_Activity_
Lines from the one containing "Used 2022 Chevrolet Malibu LT FWD image 2" through the last line of the data are to be returned exactly, both ends included, minus any pictures.

_Record extracts_
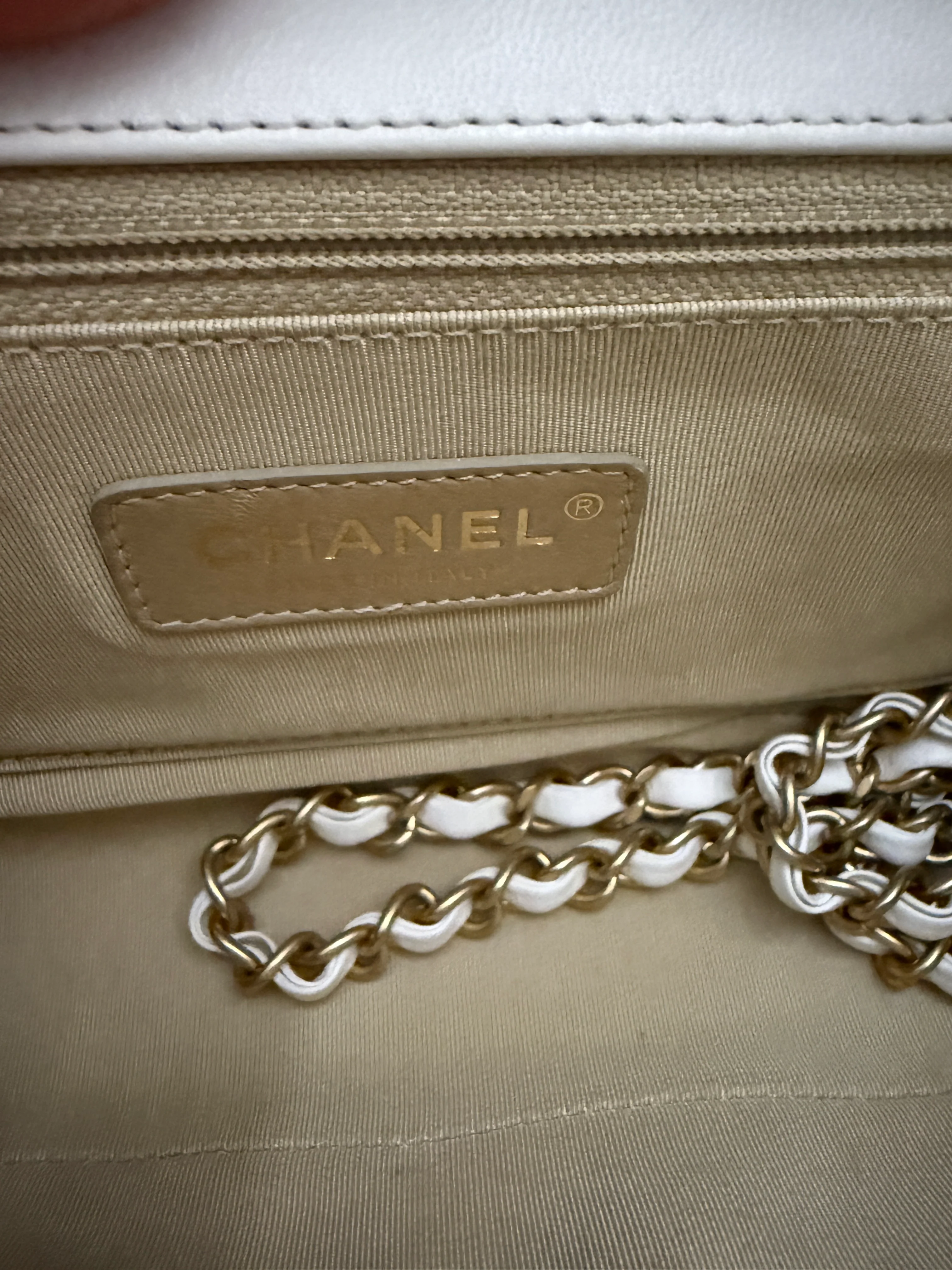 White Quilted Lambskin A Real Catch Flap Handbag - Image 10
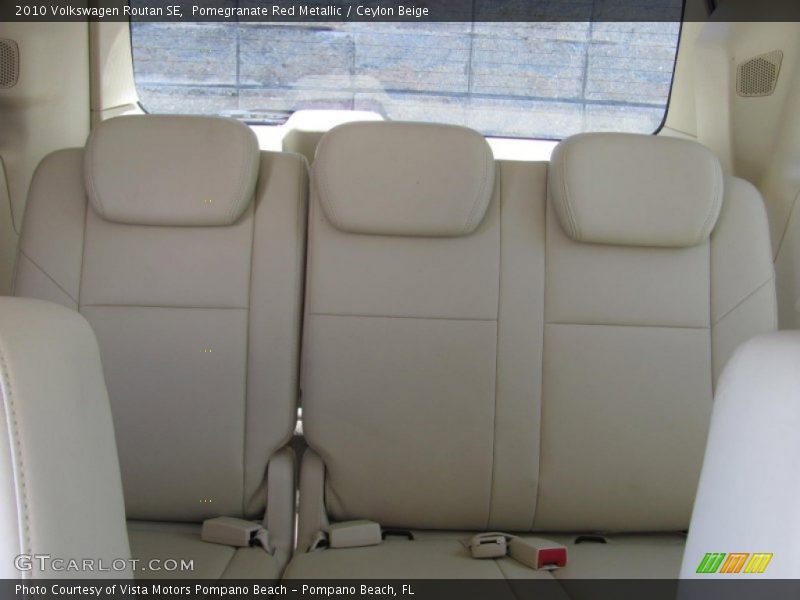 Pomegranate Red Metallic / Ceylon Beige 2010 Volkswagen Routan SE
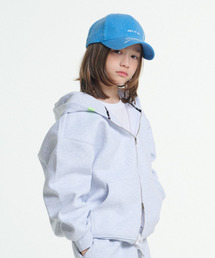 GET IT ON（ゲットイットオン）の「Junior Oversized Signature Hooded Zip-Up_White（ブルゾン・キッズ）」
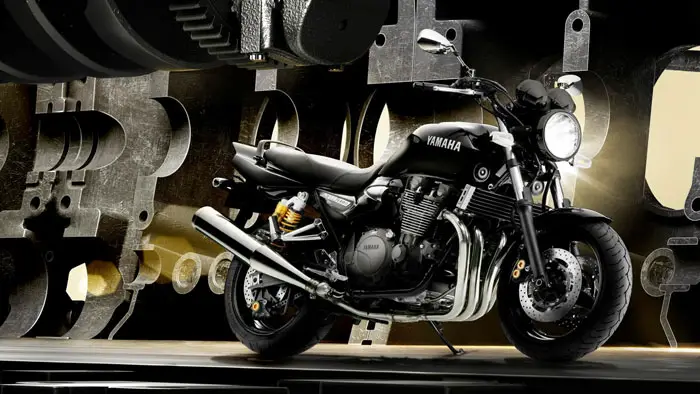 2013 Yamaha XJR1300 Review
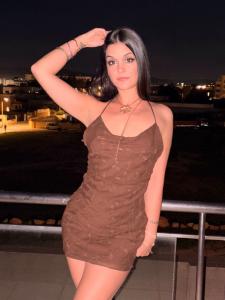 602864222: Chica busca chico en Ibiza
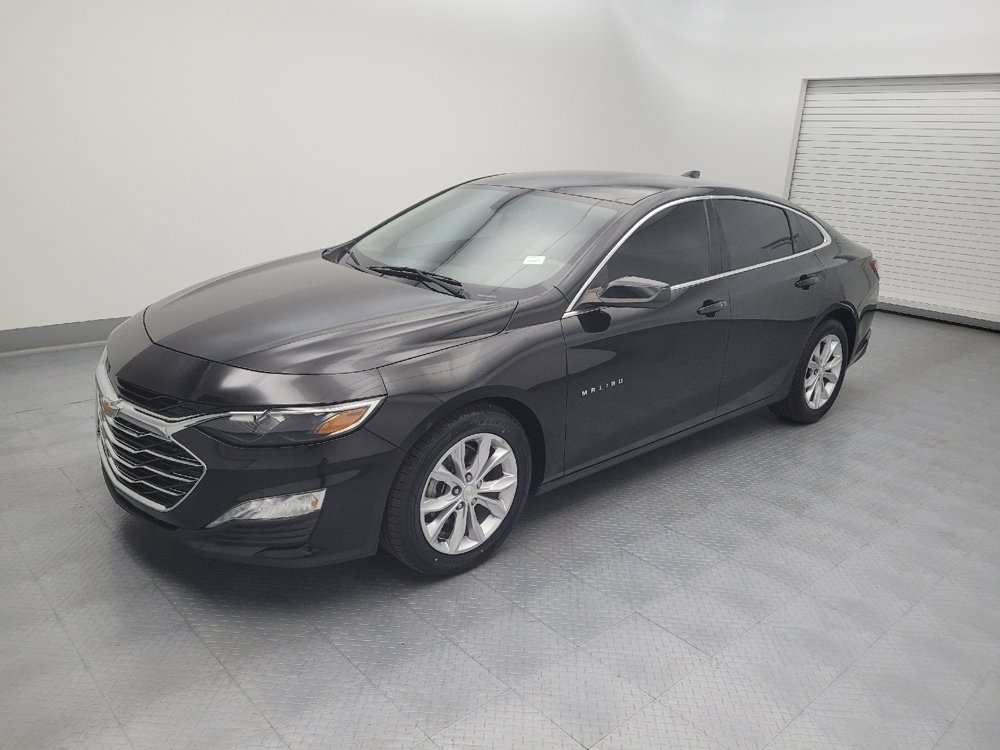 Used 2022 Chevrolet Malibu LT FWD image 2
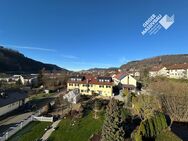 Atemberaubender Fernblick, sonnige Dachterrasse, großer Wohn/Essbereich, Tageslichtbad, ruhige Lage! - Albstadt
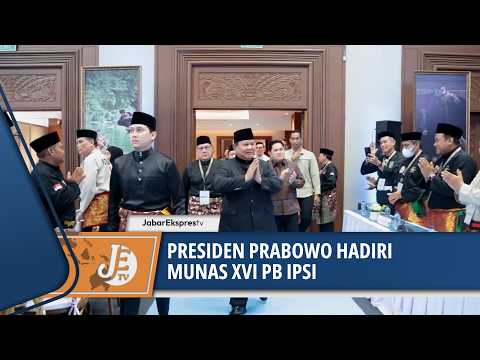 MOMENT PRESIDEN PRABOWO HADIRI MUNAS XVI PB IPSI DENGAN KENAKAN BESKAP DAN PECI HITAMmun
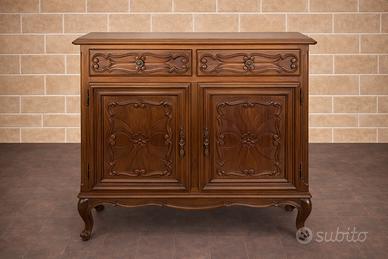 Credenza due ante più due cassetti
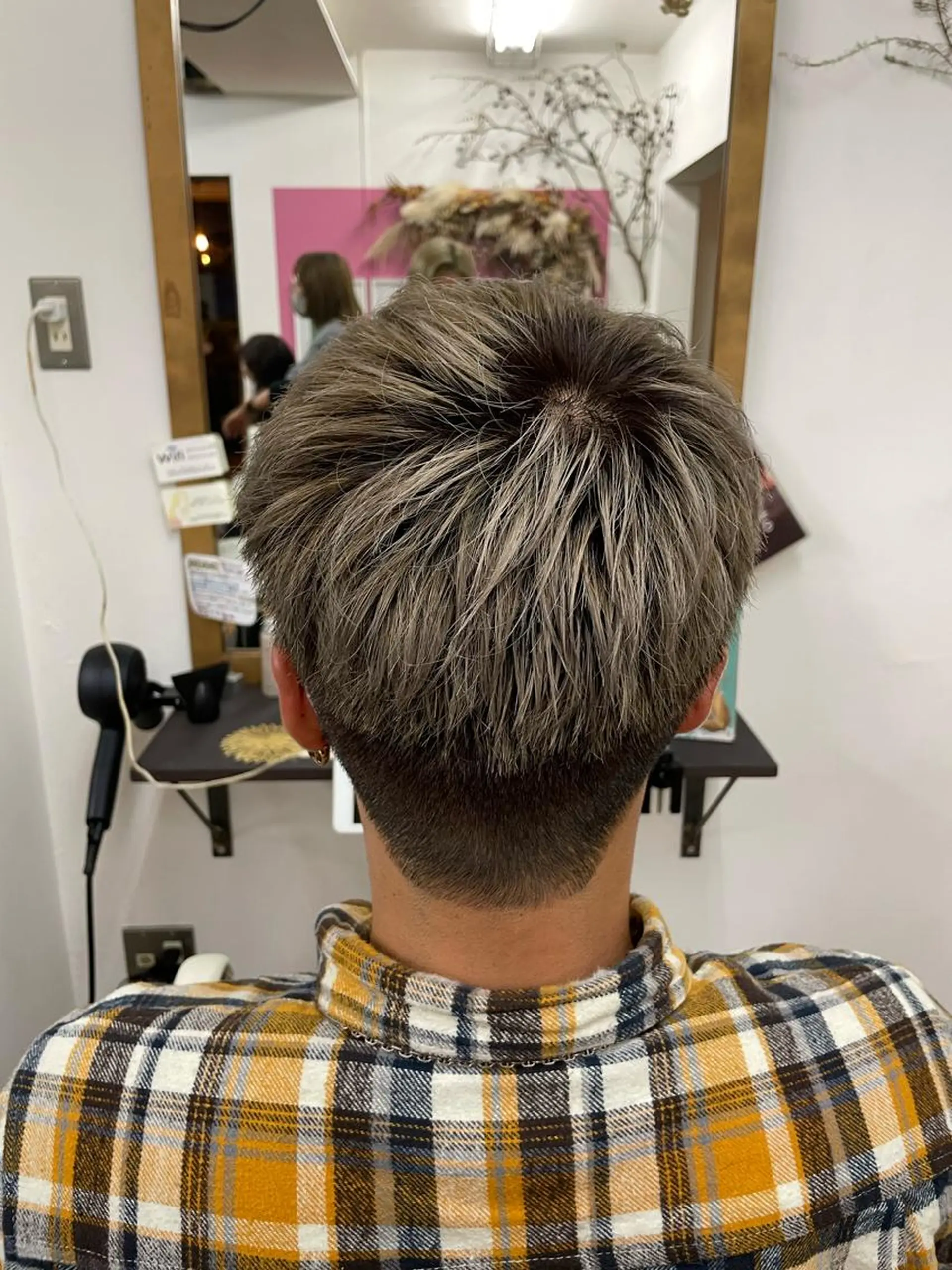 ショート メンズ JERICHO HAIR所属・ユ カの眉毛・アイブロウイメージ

_Expected answer_
 Used 2022 Chevrolet Malibu LT FWD image 2
 Atemberaubender Fernblick, sonnige Dachterrasse, großer Wohn/Essbereich, Tageslichtbad, ruhige Lage! - Albstadt
 MOMENT PRESIDEN PRABOWO HADIRI MUNAS XVI PB IPSI DENGAN KENAKAN BESKAP DAN PECI HITAMmun
 Credenza due ante più due cassetti
 ショート メンズ JERICHO HAIR所属・ユ カの眉毛・アイブロウイメージ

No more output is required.